Dolar Amerika Serikat (AS) menguat tipis pada perdagangan Senin waktu setempat atau Selasa WIB dan mencapai level tertinggi sejak Mei tahun lalu.
Penguatan ini terjadi karena mata uang tersebut kembali menjadi aset aman bagi investor di tengah meningkatnya eskalasi konflik di kawasan Timur Tengah.
Mengutip data Investing.com, indeks dolar AS yang melacak pergerakan dolar terhadap enam mata uang utama lainnya naik 0,4 persen menjadi 100,51. Indeks tersebut juga berada di jalur mencatat kenaikan bulanan terbesar sejak Juli 2025.
Ketegangan AS-Iran terus meningkat
Meski pemerintah Amerika Serikat di bawah Presiden Donald Trump menyatakan tengah melakukan negosiasi untuk mengakhiri konflik dengan Iran, situasi di lapangan justru menunjukkan peningkatan ketegangan.
Kelompok Houthi yang berbasis di Yaman dan didukung Iran ikut terlibat dalam konflik tersebut pada akhir pekan lalu dengan melancarkan serangan terhadap Israel.
Serangan tersebut memicu kekhawatiran pasar global mengenai potensi gangguan pasokan minyak dunia, mengingat kelompok tersebut memiliki kemampuan menyerang kapal-kapal yang melintasi Laut Merah.
Selain itu, Selat Hormuz yang menjadi jalur utama distribusi energi dunia dilaporkan masih tertutup secara efektif oleh Iran.

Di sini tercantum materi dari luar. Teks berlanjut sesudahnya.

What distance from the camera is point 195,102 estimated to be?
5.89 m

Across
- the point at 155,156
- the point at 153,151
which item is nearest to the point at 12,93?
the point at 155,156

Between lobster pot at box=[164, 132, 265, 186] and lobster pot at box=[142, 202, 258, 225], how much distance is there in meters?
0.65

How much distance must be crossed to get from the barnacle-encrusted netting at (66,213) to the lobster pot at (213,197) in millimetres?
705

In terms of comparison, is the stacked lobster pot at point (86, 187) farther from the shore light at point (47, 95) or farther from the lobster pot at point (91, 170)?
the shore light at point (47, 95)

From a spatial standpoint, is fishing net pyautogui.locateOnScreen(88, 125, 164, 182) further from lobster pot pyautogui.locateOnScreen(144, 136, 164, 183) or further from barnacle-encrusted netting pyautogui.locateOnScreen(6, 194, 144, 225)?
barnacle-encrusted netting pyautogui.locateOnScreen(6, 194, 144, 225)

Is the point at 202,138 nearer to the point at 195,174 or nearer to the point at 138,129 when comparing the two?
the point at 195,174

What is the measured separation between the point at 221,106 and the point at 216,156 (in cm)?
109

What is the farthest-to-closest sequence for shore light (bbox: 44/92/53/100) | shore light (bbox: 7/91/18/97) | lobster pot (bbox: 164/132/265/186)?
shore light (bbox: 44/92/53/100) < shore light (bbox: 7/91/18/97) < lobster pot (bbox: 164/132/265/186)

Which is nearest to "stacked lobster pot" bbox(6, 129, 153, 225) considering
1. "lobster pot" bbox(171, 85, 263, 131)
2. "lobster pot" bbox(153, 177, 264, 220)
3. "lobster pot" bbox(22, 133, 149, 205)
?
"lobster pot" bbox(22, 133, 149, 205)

Jalur perairan tersebut merupakan rute penting bagi sekitar seperlima pasokan minyak dan gas global.
Ancaman serangan terhadap infrastruktur Iran
Presiden AS Donald Trump juga mengancam akan menyerang sejumlah infrastruktur energi utama Iran jika negara tersebut tidak mencapai kesepakatan dengan Amerika Serikat.
Salah satu target yang disebut adalah Pulau Kharg yang menjadi fasilitas vital ekspor minyak Iran.
Trump menyatakan bahwa Amerika Serikat sedang melakukan diskusi serius dengan pihak yang ia sebut sebagai “rezim baru” di Iran untuk mengakhiri operasi militer yang sedang berlangsung.
Dolar AS jadi aset aman bagi investor
Di tengah situasi tersebut, dolar AS kembali dipandang sebagai instrumen investasi yang relatif aman bagi para pelaku pasar global.
Sejumlah investor menilai posisi Amerika Serikat sebagai pengekspor minyak bersih dapat memberikan perlindungan tambahan bagi perekonomian terbesar dunia di tengah lonjakan harga energi.
Pergerakan mata uang global lainnya
Pada perdagangan mata uang lainnya, euro terhadap dolar AS (EUR/USD) tercatat relatif stabil di level 1,1458.
Sementara itu, poundsterling Inggris (GBP/USD) juga bergerak tipis di sekitar 1,3179.
Yen Jepang (USD/JPY) turut menjadi sorotan setelah berada di level 159,72. Mata uang Jepang tersebut sempat menembus level kunci 160 dalam beberapa sesi perdagangan terakhir.
Kondisi itu mendorong diplomat mata uang utama Jepang, Atsushi Mimura, untuk menyatakan bahwa langkah tegas mungkin diperlukan guna menghadapi pergerakan spekulatif di pasar valuta asing.
Di sisi lain, dolar Australia (AUD/USD) sedikit melemah ke level 0,6844. Pemerintah Australia sebelumnya mengumumkan rencana memangkas pajak cukai bahan bakar hingga separuh selama tiga bulan untuk meredam lonjakan harga minyak akibat konflik yang sedang berlangsung.